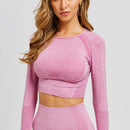 Blusa Manga Longa Plus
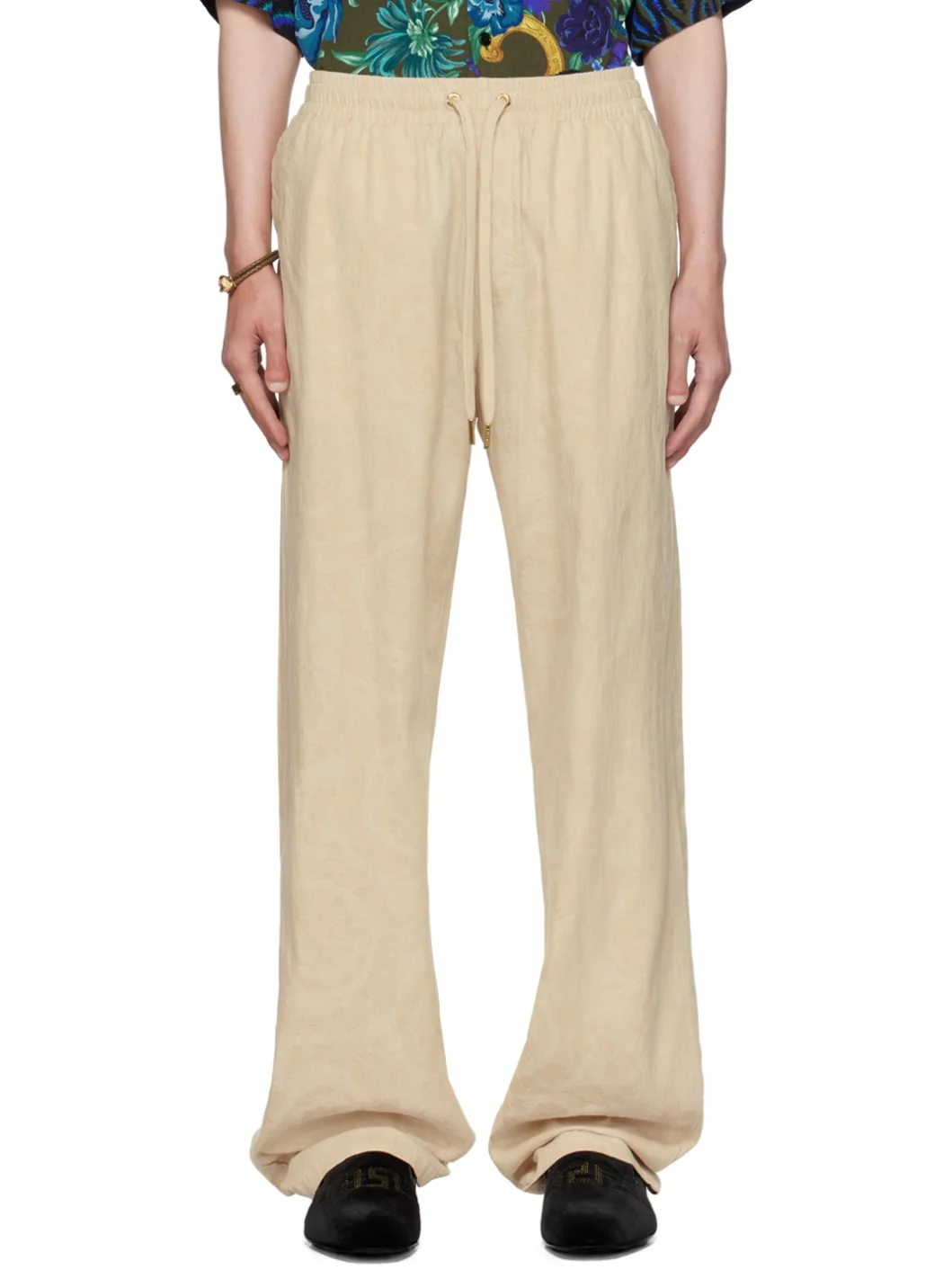 Off-White Barocco Lounge Pants - 1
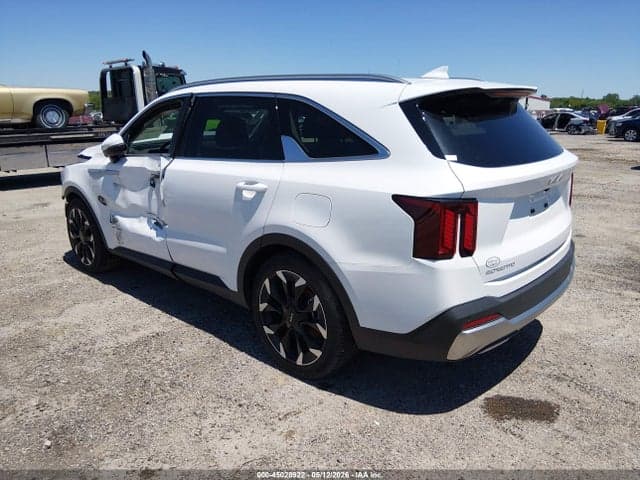 2025 KIA SORENTO SX 3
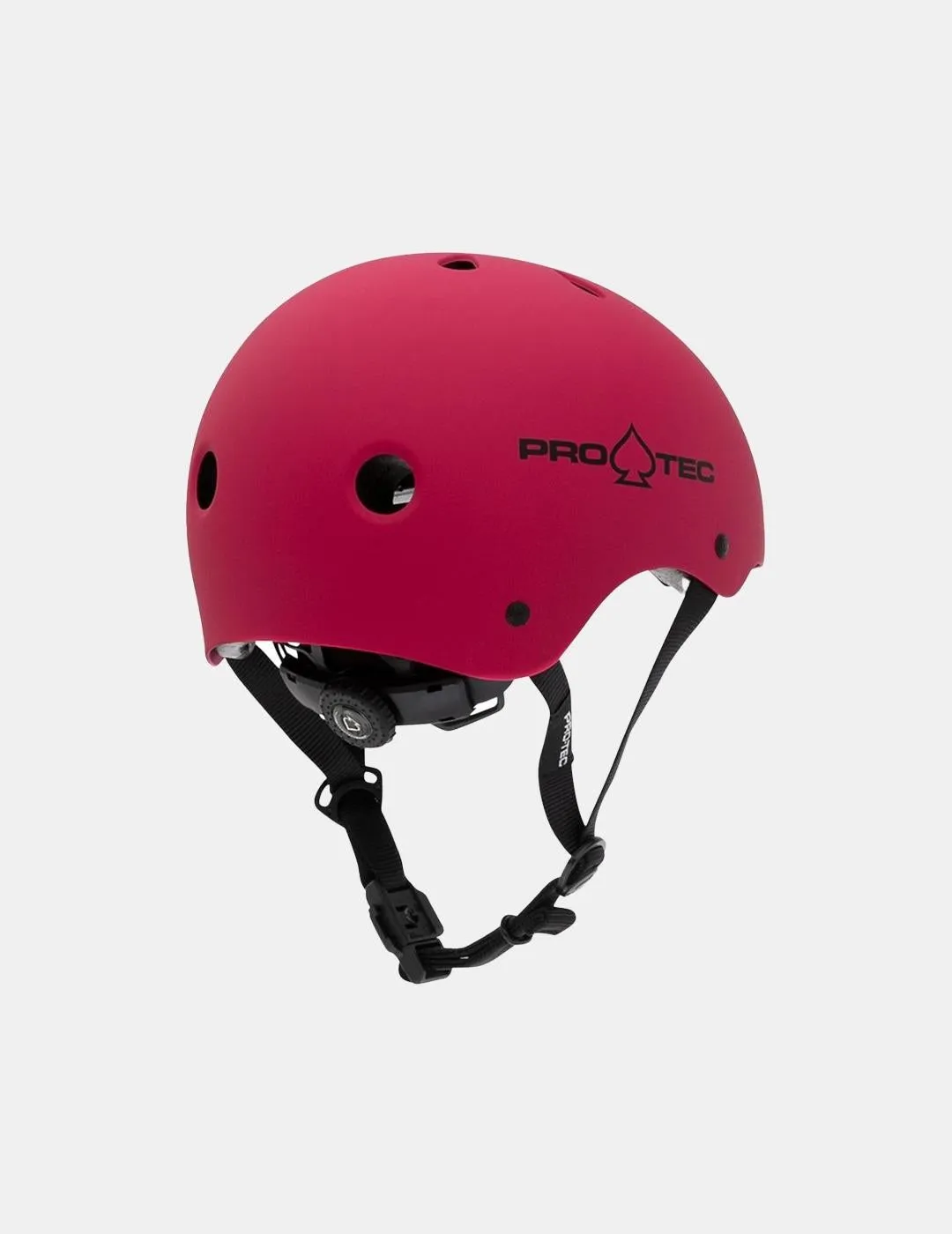 Casco Pro-Tec Jr Classic Fit Cert Matte Pink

**Requirement**. Keep the pictures out of the copy and write out the data exactly as it stands.

**Expected output**.
 Blusa Manga Longa Plus
 Off-White Barocco Lounge Pants - 1
 2025 KIA SORENTO SX 3
 Casco Pro-Tec Jr Classic Fit Cert Matte Pink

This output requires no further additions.